Data plays a key role in the security and overall quality of an ML system. That’s because an ML system learns to do what it does on the basis of the input data. If an attacker can intentionally manipulate the input data being used by an ML system in a coordinated fashion, the entire system can be compromised, and the results will henceforth become unreliable and incorrect. Data-poisoning attacks require special attention. In particular, ML engineers should consider what fraction of the training data an attacker can control and to what extent.
There are several data sources that are subject to poisoning attacks whereby an attacker intentionally manipulates data, including raw data in the world and datasets that are assembled to train, test, and validate an ML system, possibly in a coordinated fashion, to cause ML training to go awry. In some sense, this is a risk related both to data sensitivity and to the fact that the data themselves carry so much importance in a ML System.

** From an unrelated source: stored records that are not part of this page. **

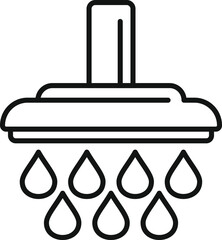 Vector illustration of a stylized line art showerhead with water droplets, ideal for web and mobile interfaces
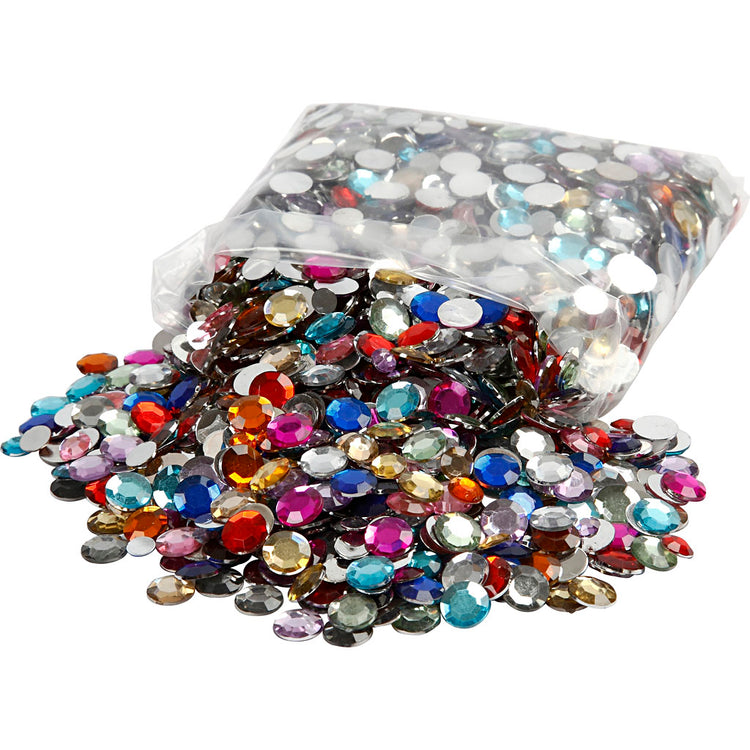 Strass Creativ company, ronds, d 6+9+12 mm, différentes couleurs, 3600 pièces 1 boîte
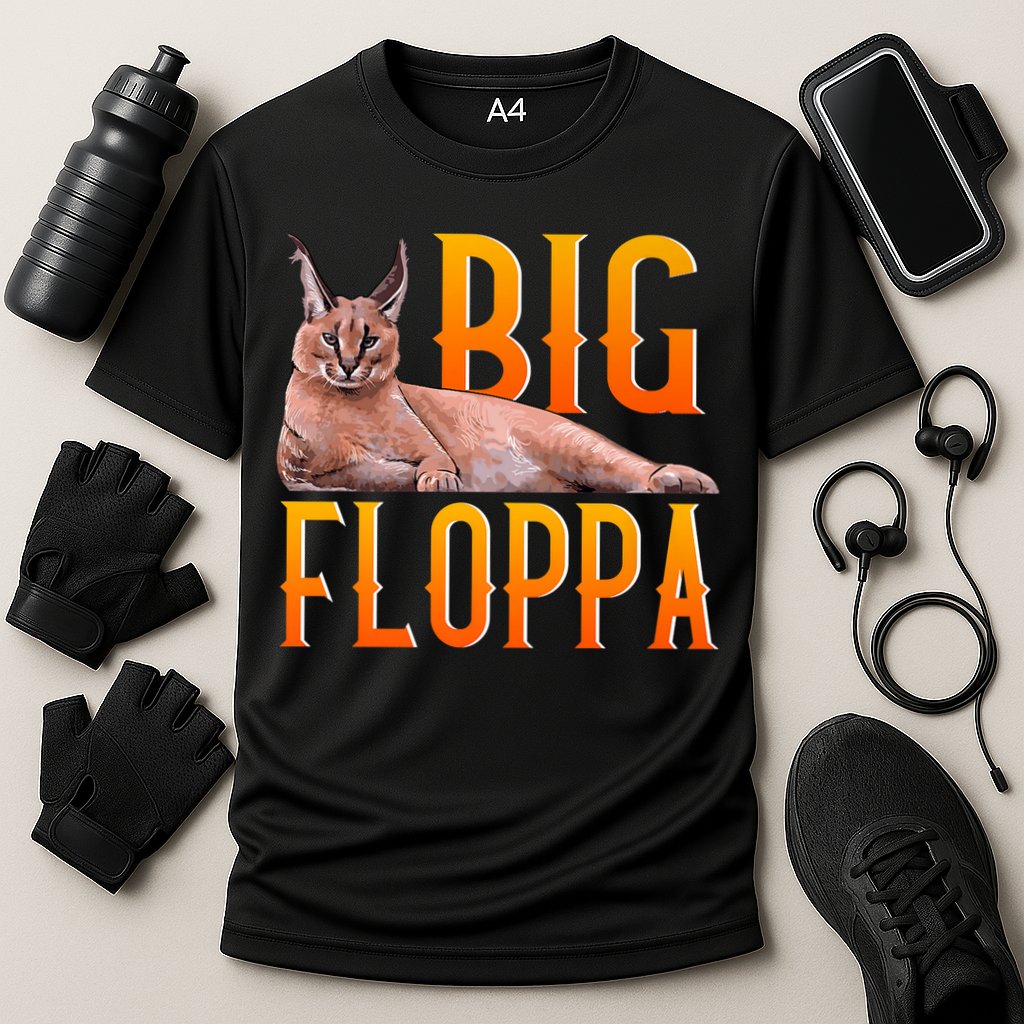 Funny Big Floppa Meme Cat Performance Shirt
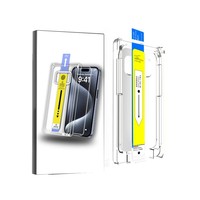 Protection d'écran en verre trempé HD transparente pour iPhone 18 Pro Max/17 Pro/16E/15 Plus/14/13 + Boîte d'installation facile sans poussière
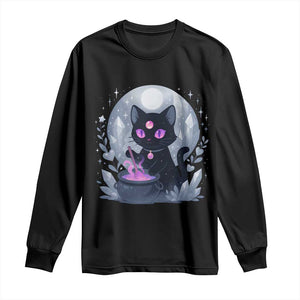 Witchy Black Cat Long Sleeve Shirt Brewing Magic Funny Pastel Goth Art TS12 Black Print Your Wear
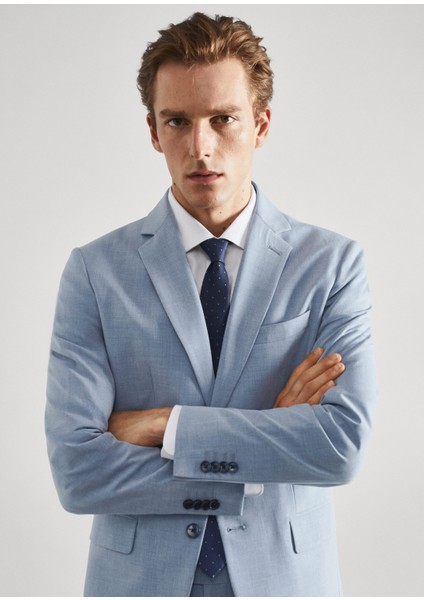 Esnek Kumaştan Slim Fit Takım Elbise Ceketi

An ML system is said to be “online” when it continues to learn in a real time basis during the operational use, thereby modifying its behavior over time. The intent of this to keep the system evolving with a focus towards improvement. In this case a clever attacker can trick the still-learning system in the wrong direction on purpose through system input and slowly & gradually “retrain” the ML system to do the wrong thing. Note that such an attack can be both subtle and reasonably easy to carry out. This risk is complex, demanding that ML engineers consider data provenance, algorithm choice, and system operations in order to properly address it.
Also known as Transfer Learning Attacks , many ML systems are constructed by tuning an already trained base model so that its somewhat generic capabilities are fine-tuned with a round of specialized training. This takes the advantages of reusable design . A transfer attack presents an important risk in this situation. In cases where the pretrained model is widely available, an attacker may be able to devise attacks using it that will be robust enough to succeed against your (unavailable to the attacker) tuned task-specific model. The knowledge of base model , especially if it is in public domain gives ample opportunity to the attacker to try out various attack scenarios and best optimize the attack plan against you system. You should also consider whether the ML system you are fine-tuning could possibly be a Trojan that includes sneaky ML behavior that is unanticipated.
ML systems are re-used intentionally in transfer situations. The risk of transfer outside of intended use applies. It is generally expected for the authors / organizations which posting models for transfer would do well to precisely describe exactly what their systems do and how they control the risks in an well elaborated articulated outline.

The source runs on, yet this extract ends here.